Dans un article publié hier, Le Parisien révèle le contenu d’une note de la Direction générale de la sécurité intérieure (DGSI) concernant ce mouvement de protestation. Selon le quotidien, ce dernier serait infiltré par différents acteurs : « réseaux mafieux, agents de Pékin et jeunes révoltés » (cette dernière précision prête à sourire : des manifestations infiltrées par des manifestants ? Original)
Concrètement, la note de la DGSI pointe la présence, dans les manifestations, « d’individus défavorablement connus des services de police ». On trouverait par ailleurs « à la tête du mouvement un proche du Parti communiste chinois et un agent secret ».
Mais la note précise également que le « mouvement de protestation échappe à leur contrôle. En effet, le mouvement rassemble de nombreux jeunes gens, très revendicatifs, et qui ne veulent entendre parler ni des relais de Pékin ni des bandes mafieuses. »
La DGSI reconnaît donc explicitement que le mouvement échappe à un hypothétique contrôle de Pékin et de la mafia. Une nuance qu’on ne retrouvera quasiment pas dans la reprise des révélations du Parisien dans les autres médias.
RTL, par exemple, déduit des informations du Parisien que les « attroupements » qui se sont tenus après la mort de Shaoyo Liu « n’auraient rien de spontané ». La famille de Shaoyo Liu serait « totalement dépossédée du mouvement, laissant place à un rapport de force entre la mafia et L’Empire du Milieu ».
Pour Ouest France, on assiste à « une récupération tactique du mouvement » qui éclipse « une révolte légitime des ressortissants chinois ».
La palme revient à VSD qui laisse entendre que les mobilisations seraient essentiellement le fait des réseaux mafieux.
Certains articles n’éludent pas complètement les précisions du Parisien concernant l’autonomie des jeunes manifestants.

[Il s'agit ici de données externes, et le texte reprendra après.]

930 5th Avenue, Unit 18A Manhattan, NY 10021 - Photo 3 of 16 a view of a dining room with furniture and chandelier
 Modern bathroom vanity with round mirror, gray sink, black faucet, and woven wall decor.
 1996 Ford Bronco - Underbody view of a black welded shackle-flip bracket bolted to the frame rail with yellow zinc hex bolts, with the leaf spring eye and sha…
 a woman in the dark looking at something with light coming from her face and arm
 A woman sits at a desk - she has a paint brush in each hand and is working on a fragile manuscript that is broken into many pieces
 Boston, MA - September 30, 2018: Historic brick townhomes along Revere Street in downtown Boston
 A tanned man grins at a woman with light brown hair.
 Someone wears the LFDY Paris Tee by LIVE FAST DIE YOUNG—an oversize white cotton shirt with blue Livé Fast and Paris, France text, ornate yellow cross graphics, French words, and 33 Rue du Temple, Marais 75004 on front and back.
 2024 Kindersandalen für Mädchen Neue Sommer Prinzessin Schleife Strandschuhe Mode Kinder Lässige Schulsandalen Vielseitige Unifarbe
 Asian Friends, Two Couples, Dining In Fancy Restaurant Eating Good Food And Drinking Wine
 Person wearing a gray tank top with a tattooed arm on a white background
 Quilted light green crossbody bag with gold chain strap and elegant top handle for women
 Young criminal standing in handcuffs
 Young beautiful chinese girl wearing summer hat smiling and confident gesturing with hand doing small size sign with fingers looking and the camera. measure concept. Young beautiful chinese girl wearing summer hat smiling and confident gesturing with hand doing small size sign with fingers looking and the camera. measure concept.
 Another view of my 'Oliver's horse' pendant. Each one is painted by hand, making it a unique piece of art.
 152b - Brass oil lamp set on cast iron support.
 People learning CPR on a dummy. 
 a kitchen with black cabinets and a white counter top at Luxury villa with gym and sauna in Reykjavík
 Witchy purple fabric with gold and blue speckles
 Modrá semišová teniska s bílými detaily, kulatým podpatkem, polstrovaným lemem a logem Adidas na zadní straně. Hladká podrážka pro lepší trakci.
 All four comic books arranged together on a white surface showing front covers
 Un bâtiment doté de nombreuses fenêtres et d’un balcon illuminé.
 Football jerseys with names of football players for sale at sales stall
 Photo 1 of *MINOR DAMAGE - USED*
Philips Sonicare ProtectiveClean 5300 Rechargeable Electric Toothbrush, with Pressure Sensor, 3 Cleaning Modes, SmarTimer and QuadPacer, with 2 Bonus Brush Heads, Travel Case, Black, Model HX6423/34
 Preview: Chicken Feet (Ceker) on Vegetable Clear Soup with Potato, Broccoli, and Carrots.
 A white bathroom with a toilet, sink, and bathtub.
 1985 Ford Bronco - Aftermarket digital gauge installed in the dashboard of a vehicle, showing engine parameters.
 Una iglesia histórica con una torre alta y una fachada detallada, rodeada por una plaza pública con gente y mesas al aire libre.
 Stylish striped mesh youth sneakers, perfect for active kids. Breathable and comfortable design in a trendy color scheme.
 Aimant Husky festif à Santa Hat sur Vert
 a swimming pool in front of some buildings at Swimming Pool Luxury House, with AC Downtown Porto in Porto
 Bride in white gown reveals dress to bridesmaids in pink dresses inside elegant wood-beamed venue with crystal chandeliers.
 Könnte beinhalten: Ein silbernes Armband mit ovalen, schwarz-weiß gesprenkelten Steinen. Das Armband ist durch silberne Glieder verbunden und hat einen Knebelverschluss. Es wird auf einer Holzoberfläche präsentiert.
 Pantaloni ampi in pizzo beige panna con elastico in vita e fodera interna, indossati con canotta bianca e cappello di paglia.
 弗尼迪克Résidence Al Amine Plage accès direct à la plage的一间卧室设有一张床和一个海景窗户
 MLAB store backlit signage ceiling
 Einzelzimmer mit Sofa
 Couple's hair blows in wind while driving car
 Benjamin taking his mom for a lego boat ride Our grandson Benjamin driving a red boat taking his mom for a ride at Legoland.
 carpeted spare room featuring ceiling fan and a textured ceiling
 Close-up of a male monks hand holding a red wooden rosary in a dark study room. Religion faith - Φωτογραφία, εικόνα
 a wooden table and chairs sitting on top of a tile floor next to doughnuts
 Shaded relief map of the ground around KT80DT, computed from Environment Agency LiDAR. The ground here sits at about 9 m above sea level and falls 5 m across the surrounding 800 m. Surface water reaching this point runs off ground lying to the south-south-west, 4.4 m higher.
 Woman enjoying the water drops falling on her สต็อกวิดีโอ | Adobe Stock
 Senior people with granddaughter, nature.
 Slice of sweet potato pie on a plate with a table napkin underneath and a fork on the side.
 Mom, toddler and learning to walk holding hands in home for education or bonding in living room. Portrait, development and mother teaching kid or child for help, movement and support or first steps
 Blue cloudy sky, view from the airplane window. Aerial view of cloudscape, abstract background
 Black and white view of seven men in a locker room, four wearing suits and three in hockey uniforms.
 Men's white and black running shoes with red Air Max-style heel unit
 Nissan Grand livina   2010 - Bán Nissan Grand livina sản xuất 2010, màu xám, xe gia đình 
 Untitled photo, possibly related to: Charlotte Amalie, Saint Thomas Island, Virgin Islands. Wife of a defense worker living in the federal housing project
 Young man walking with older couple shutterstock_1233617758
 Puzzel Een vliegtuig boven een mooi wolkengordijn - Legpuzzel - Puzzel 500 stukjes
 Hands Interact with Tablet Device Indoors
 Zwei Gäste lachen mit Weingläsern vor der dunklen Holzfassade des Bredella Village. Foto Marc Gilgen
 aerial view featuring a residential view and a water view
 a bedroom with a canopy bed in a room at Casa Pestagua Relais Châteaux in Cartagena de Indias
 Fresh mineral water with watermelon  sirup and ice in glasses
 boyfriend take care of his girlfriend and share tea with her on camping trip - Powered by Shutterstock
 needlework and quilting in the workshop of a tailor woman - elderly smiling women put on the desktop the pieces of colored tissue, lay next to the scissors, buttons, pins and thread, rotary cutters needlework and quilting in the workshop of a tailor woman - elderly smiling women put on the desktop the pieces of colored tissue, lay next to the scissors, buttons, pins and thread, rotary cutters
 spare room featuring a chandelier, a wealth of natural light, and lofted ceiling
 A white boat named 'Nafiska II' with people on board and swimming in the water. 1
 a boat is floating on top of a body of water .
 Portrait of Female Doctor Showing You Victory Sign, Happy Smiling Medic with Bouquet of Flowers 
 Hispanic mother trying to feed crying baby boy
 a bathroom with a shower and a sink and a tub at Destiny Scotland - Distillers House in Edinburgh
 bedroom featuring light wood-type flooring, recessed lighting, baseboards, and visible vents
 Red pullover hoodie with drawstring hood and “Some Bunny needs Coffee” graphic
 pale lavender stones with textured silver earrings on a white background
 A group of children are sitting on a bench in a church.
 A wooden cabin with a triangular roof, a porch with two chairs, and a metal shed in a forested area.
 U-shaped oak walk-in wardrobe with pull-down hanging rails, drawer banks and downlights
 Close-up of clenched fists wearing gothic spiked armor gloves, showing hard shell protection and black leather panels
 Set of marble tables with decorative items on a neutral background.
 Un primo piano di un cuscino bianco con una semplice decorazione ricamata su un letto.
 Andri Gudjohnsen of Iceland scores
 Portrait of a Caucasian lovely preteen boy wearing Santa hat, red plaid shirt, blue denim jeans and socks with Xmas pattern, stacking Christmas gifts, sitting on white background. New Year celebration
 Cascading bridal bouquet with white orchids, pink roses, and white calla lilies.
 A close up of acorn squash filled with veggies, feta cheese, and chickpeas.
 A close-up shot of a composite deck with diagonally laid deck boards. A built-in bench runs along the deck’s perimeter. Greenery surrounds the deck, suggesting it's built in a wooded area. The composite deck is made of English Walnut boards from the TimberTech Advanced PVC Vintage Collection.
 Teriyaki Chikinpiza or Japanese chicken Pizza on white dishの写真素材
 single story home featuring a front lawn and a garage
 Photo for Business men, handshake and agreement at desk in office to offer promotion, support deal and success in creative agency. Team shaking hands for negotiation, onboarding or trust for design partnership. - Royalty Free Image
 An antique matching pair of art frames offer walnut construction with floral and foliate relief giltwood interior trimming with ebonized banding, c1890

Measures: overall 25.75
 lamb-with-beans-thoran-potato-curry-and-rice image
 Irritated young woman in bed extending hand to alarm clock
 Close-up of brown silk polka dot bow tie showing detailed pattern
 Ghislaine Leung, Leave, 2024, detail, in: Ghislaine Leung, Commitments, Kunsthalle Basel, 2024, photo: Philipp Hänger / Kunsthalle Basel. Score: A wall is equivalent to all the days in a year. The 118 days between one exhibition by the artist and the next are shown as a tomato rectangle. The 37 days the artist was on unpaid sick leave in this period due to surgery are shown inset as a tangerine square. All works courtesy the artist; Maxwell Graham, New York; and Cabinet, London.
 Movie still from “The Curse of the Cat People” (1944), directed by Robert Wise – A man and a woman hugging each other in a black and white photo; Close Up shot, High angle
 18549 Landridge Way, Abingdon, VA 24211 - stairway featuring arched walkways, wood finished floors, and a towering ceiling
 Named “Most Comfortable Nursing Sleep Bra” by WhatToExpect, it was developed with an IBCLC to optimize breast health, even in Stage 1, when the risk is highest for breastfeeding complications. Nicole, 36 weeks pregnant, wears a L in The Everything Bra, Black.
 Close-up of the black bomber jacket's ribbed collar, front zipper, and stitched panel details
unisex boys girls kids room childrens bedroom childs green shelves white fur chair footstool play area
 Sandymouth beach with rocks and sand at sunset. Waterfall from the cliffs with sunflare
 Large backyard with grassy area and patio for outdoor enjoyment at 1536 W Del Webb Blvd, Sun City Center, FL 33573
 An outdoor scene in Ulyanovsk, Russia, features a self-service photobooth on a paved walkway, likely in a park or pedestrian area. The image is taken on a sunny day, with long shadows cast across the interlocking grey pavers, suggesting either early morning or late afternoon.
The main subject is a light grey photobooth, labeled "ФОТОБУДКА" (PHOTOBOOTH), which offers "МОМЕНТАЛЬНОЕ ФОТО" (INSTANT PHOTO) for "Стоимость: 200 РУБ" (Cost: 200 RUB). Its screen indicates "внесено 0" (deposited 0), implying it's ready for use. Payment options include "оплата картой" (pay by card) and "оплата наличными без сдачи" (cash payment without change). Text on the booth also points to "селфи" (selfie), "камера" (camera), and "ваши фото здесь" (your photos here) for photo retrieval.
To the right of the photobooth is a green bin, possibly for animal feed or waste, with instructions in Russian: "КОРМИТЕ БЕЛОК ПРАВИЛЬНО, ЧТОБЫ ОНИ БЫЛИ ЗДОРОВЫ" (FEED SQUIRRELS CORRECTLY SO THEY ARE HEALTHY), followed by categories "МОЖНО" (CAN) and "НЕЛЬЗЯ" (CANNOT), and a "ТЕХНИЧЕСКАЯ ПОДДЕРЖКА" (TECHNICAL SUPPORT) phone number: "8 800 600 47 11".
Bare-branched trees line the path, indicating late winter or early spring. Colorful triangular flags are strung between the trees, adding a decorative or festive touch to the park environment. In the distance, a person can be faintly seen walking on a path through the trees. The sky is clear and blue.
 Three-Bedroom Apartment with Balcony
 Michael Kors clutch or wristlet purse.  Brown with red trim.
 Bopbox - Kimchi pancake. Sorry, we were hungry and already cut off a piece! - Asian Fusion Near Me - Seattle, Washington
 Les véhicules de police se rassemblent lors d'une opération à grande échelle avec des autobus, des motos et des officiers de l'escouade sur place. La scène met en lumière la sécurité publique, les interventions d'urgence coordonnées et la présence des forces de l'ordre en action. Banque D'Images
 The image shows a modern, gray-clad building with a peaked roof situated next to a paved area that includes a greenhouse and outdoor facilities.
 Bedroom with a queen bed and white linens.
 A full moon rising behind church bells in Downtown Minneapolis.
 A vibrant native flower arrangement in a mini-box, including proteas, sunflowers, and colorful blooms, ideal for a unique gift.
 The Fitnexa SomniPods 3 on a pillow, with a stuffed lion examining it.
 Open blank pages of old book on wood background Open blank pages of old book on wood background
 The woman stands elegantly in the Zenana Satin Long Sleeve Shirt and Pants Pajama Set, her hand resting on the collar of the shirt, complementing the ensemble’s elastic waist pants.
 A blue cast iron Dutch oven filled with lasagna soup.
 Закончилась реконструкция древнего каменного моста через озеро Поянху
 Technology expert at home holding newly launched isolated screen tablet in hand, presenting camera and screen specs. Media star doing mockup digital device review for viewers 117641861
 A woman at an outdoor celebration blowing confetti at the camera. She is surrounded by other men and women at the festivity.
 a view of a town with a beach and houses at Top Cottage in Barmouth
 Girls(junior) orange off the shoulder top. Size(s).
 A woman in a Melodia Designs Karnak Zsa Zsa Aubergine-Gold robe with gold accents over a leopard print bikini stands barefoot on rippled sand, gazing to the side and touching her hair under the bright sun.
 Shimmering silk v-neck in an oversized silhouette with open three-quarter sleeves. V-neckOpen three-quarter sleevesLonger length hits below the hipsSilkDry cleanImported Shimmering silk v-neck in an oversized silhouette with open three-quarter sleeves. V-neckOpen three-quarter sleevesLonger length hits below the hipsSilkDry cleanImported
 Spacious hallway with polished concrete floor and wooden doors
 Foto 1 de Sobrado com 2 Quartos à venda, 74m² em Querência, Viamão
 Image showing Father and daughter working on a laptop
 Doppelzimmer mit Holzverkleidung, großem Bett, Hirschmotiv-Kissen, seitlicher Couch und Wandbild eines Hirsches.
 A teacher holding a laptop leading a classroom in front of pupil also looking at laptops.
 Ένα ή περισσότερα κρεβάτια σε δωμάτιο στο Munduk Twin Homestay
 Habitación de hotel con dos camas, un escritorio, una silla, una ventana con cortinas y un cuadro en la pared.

Après avoir insisté sur « les réseaux mafieux à la manœuvre » et l’influence de Pékin, Le Monde évoque laconiquement « le désir d’indépendance des manifestants ».
Idem pour Europe 1 après avoir évoqué les « influences mafieuses » et la main de Pékin, précise tout de même que de « jeunes révoltés se seraient émancipés de cette mainmise discrète de la Chine ».
Seul 20 minutes semble avoir eu la présence d’esprit de mettre en balance les révélations de la DGSI. Le quotidien cite les propos de l’avocat de la famille de Shaoyo Liu : « ces accusations servent de contre-feu, elles sont orchestrées pour détourner l’attention du public. Cette note confidentielle permet de faire oublier les accusations de “bavure” en mettant l’accent sur des stéréotypes sur la communauté chinoise ».